The Government left negative gearing and capital gains tax untouched. There was discussion within Opposition ranks at the last election of ending or paring back both incentives.
However, abandoning negative gearing would be a disaster for the rental market, creating a glut of properties for sale while increasing rents because of short supply – outcomes this budget has sought to avoid.
The Federal Government will invest in bolstering immigration, which has long been a significant influence on property values. The nation’s diminishing birth rate is regarded as a long-term threat to property values, so homeowners should welcome this move.
Another big play is the creation of an extra 10,000 places in the First Home Loan Deposit Scheme on condition that only new homes are purchased.
This is a boost for first-time buyers who already benefit from record-low interest rates, state government grants and stamp duty discounts.
The latest changes mean new buyers will need only a 5% deposit instead of the 20% that had been required to avoid lenders’ mortgage insurance. The Federal Government will guarantee up to 15% of the loan. These measures alone will contribute $800 million in economic activity, according to the budget papers.
It’s important to remember that encouraging first-time buyers fortifies all property values – all boats rise on a high, as they say.
There’s no extension to the $680 million HomeBuilder scheme, which was created earlier this year and promoted as a tradie-led recovery. Budget papers say it’s done its job but will support construction activity into next year.
The $5.5 billion small business package – one of the pillars of the budget – will undoubtedly help construction firms and those companies supplying services to the property sector.
There’s also good news for homeowners who provide accommodation to elderly family members or those who are disabled. No capital gains tax will now be applied to accommodation extensions such as a granny flat if the tax office accepts a formal written notice.
Here are some of the other highlights that serve to support the property market.
- No change to taxes relating to investment properties.
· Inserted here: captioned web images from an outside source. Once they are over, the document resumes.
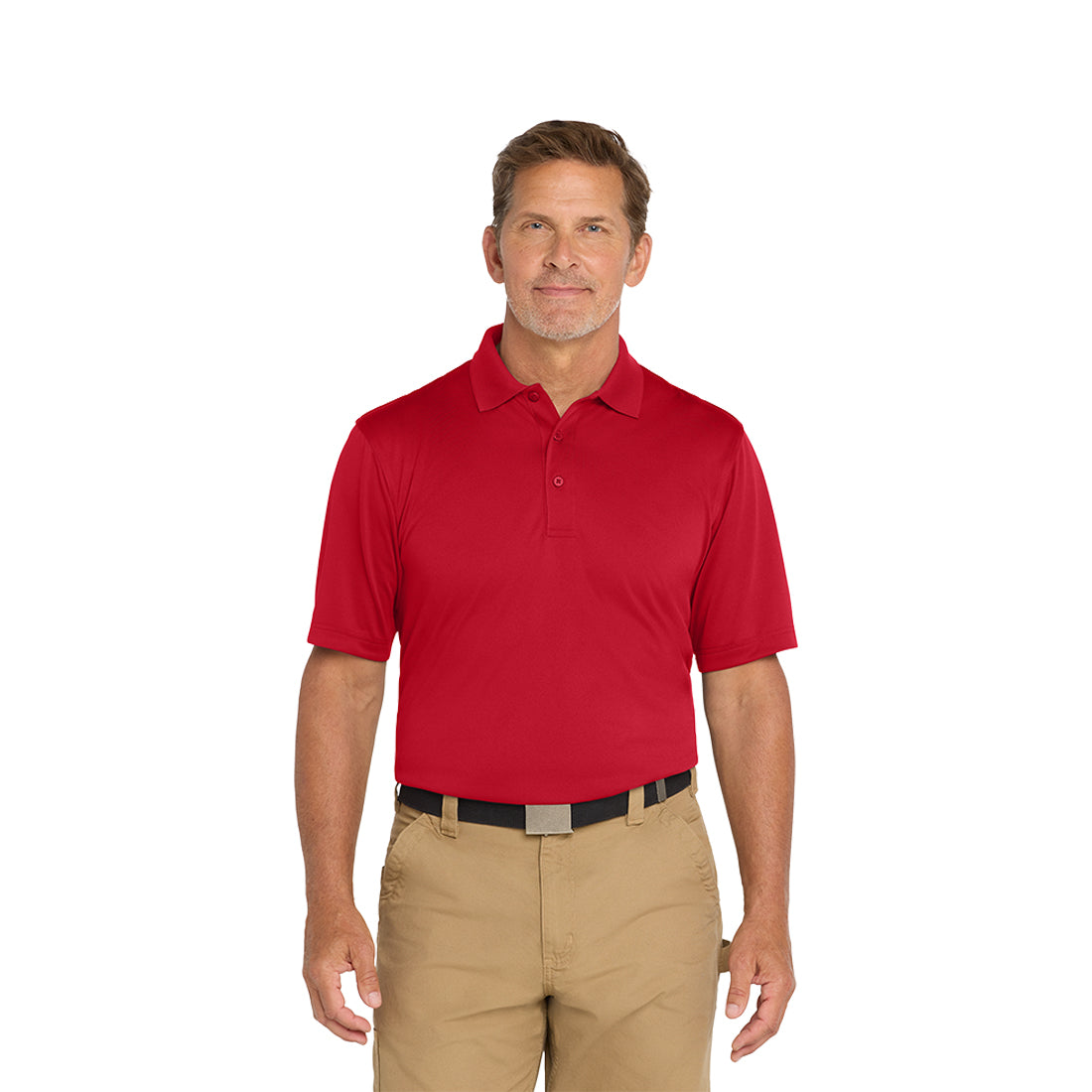 Man wearing a red polo shirt and beige pants on a white background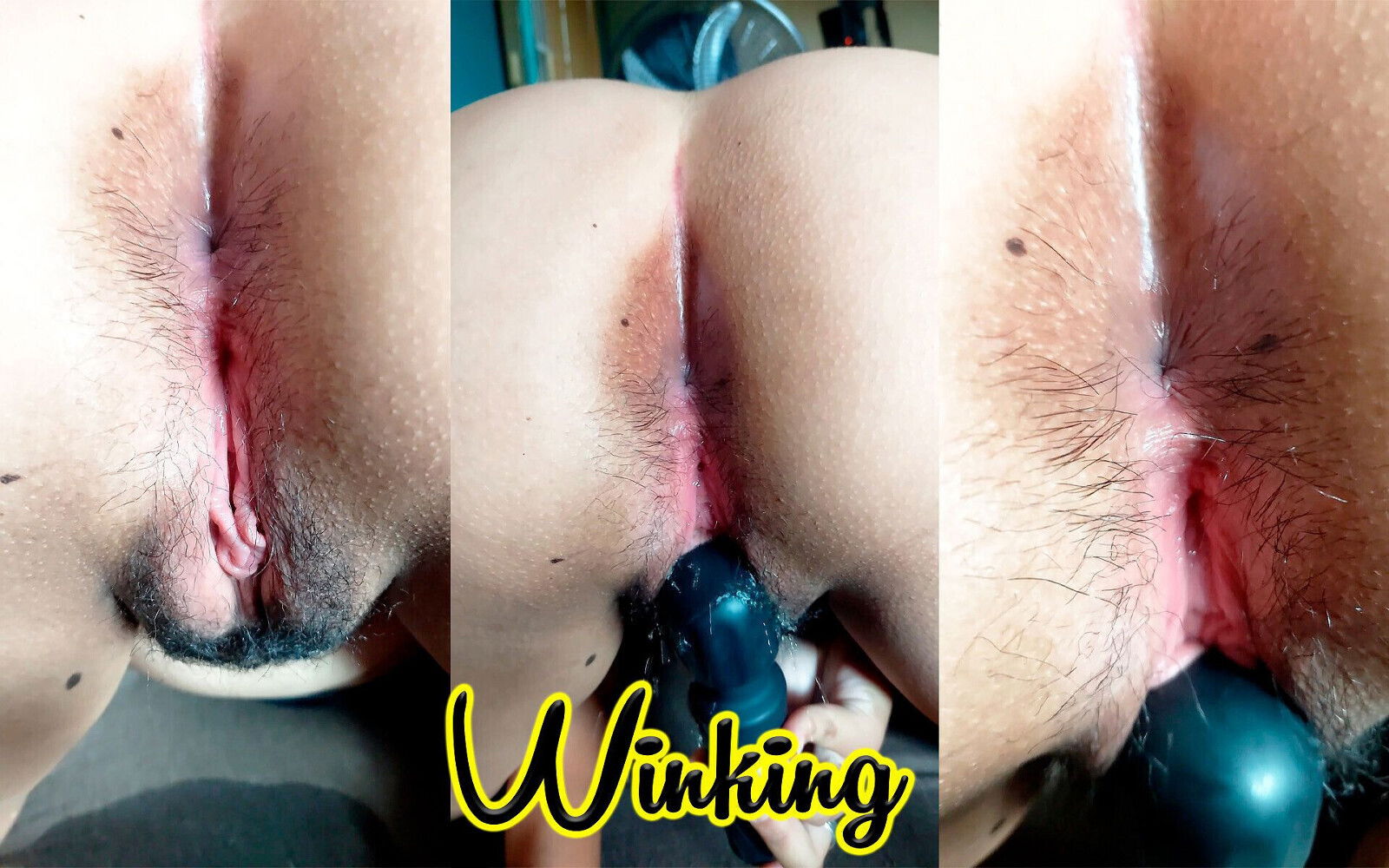 Beautiful Hole Winks When Masturbate with Vibrator Vagina Drips with Pleasure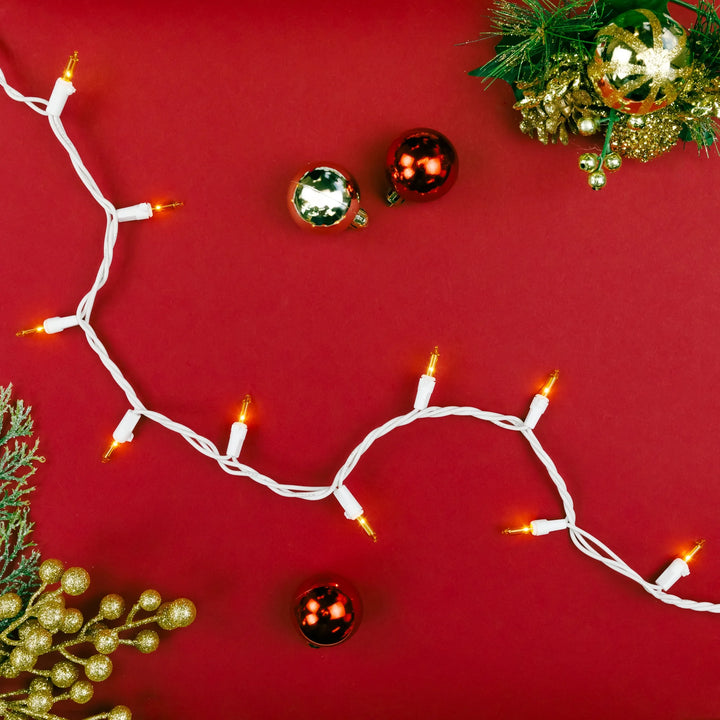 Mini Christmas Lights - Yellow - 20.25' White Wire - 100Ct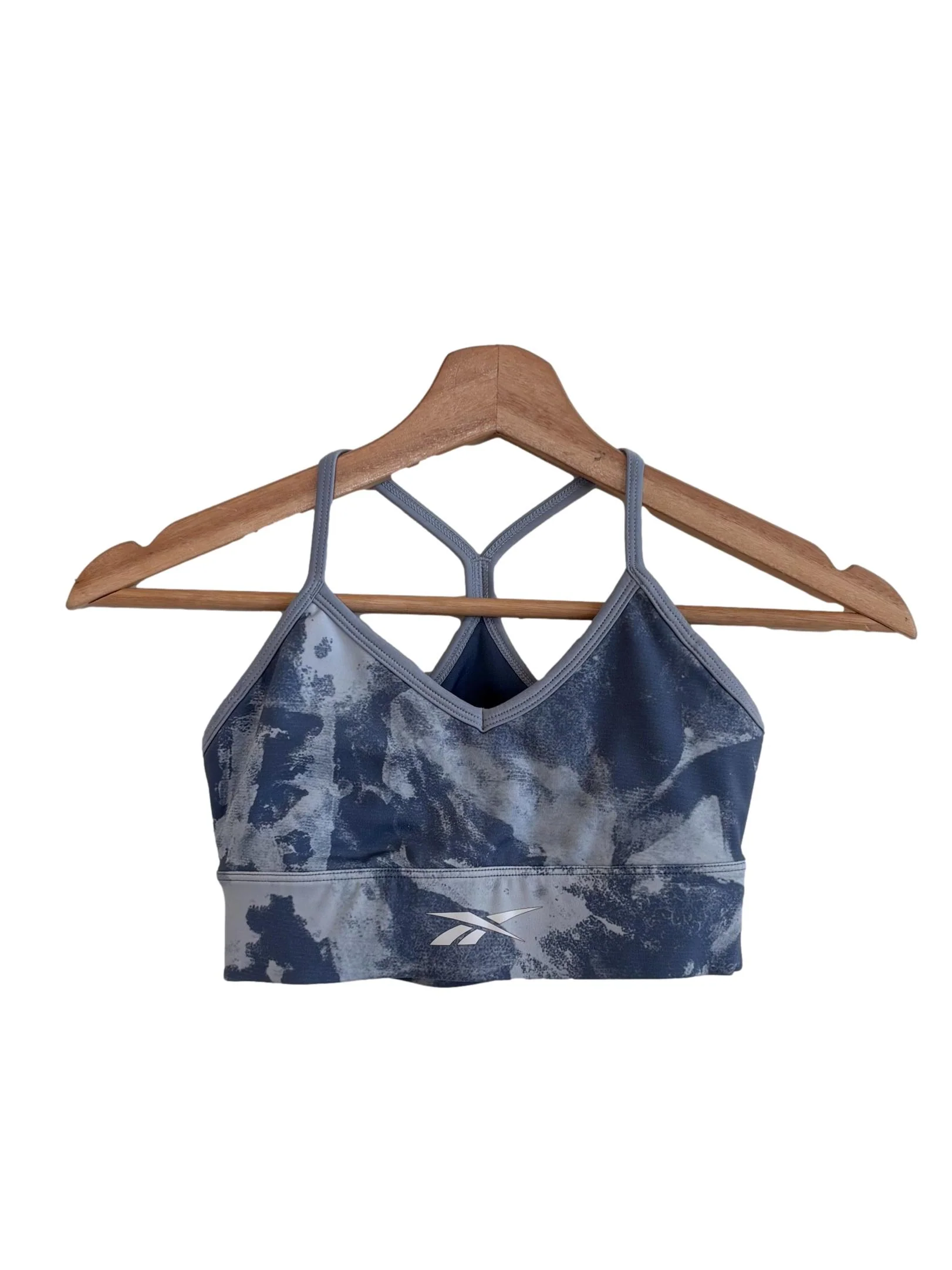 Grey White Tie-Dye Sports Bra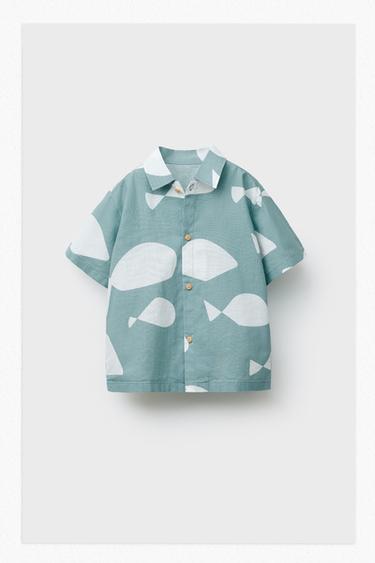 CAMISA ESTAMPADA PECES - Azul de Zara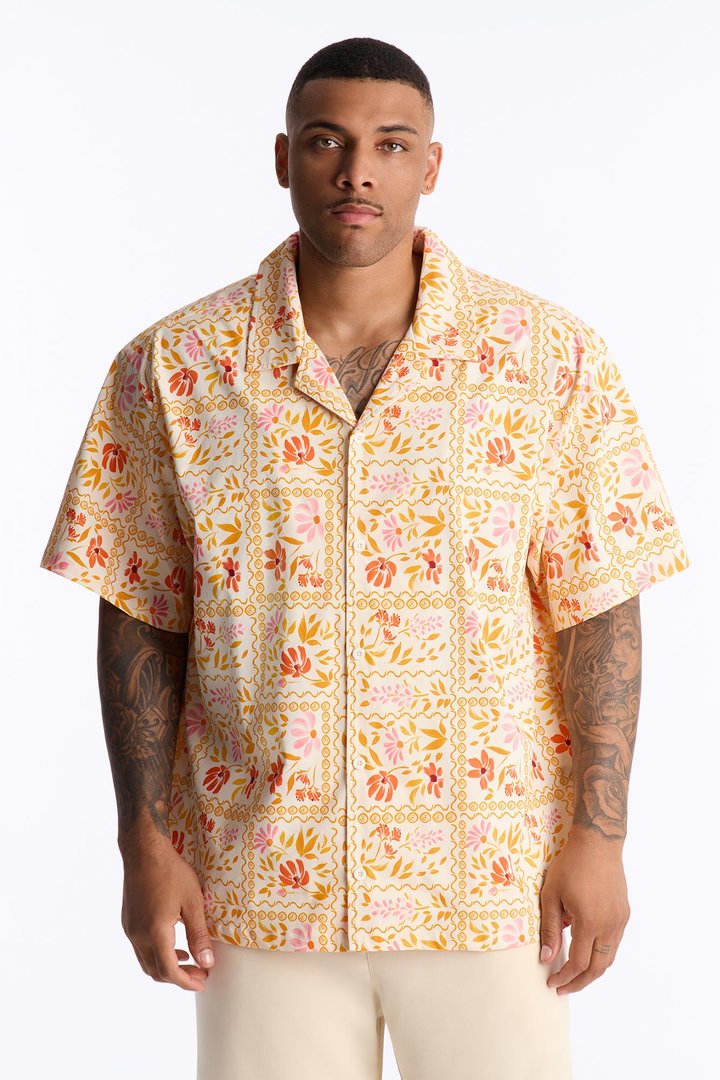 Relaxed Gardenia Cuban Collar Button Up Shirt - Orange/combo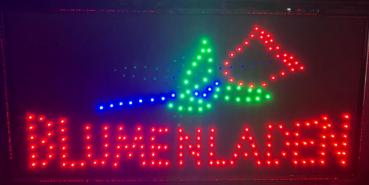 LED-Schild Blumenladen (rot, gruen, blau)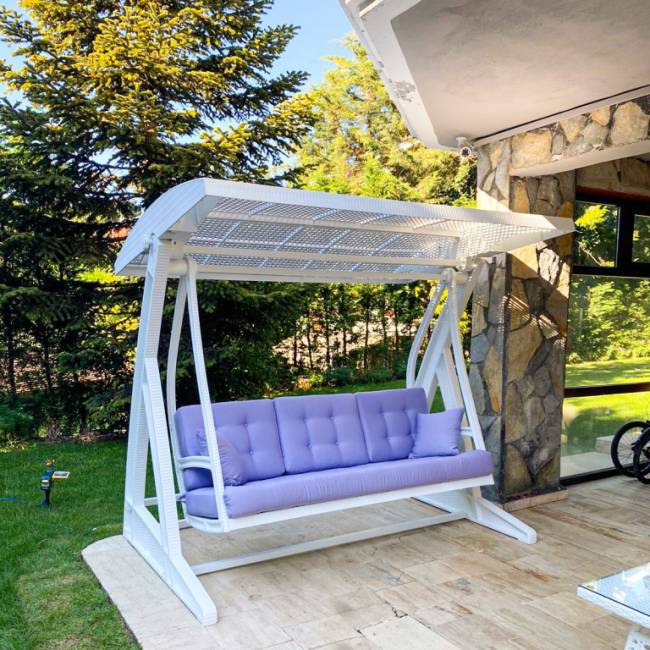 Качели пластиковые плетеные с подушкой Hawaii белый 2250х1640х2020 мм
Capital gains tax and negative gearing have been untouched – great news for homeowners and property investors.
- An additional $1 billion through the National Housing Finance and Investment Corporation to support the construction of affordable housing.
- Indigenous Business Australia to receive an additional $150 million for the Indigenous Home Ownership Program that will issue 360 construction loans in regional Australia.
- Additional funding for the Australian Bureau of Statistics, whose contribution to property data and the decision we all make based on its figures should not be underestimated.